** ASSIGNED TASK **
The span to repeat in the listing below runs from the line containing "毕业实习自我鉴定三篇（四）" to the line containing "龙骑士与转生圣女漫画,44话 对我而言5图", inclusive. Repeat it exactly, and only it.

** INPUT DATA **
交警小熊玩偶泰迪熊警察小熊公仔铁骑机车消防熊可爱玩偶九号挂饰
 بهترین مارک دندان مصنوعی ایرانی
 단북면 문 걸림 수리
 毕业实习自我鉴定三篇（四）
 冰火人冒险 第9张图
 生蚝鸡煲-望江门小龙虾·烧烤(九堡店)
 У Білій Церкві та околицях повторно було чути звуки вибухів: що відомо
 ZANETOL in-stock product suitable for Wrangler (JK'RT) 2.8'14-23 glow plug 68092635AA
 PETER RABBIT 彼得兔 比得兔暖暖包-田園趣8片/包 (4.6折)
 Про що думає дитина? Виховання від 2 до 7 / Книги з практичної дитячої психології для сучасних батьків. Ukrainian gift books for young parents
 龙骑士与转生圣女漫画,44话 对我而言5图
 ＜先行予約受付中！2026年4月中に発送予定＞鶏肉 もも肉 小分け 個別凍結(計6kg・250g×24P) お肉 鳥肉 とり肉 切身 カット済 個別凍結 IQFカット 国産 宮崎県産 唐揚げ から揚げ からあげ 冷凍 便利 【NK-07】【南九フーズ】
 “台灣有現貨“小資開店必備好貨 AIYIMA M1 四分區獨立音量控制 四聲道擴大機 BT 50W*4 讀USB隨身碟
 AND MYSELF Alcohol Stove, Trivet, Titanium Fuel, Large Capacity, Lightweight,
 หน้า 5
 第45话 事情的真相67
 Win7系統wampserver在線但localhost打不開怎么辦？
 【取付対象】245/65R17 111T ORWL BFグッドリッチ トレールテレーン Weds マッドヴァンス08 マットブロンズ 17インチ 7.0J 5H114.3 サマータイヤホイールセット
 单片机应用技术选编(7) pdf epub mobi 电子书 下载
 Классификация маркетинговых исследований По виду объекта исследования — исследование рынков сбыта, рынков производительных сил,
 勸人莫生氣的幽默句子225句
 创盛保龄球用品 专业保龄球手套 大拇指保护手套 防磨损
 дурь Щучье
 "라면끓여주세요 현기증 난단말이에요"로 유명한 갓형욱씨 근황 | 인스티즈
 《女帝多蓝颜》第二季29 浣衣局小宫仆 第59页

** THE ANSWER **
 毕业实习自我鉴定三篇（四）
 冰火人冒险 第9张图
 生蚝鸡煲-望江门小龙虾·烧烤(九堡店)
 У Білій Церкві та околицях повторно було чути звуки вибухів: що відомо
 ZANETOL in-stock product suitable for Wrangler (JK'RT) 2.8'14-23 glow plug 68092635AA
 PETER RABBIT 彼得兔 比得兔暖暖包-田園趣8片/包 (4.6折)
 Про що думає дитина? Виховання від 2 до 7 / Книги з практичної дитячої психології для сучасних батьків. Ukrainian gift books for young parents
 龙骑士与转生圣女漫画,44话 对我而言5图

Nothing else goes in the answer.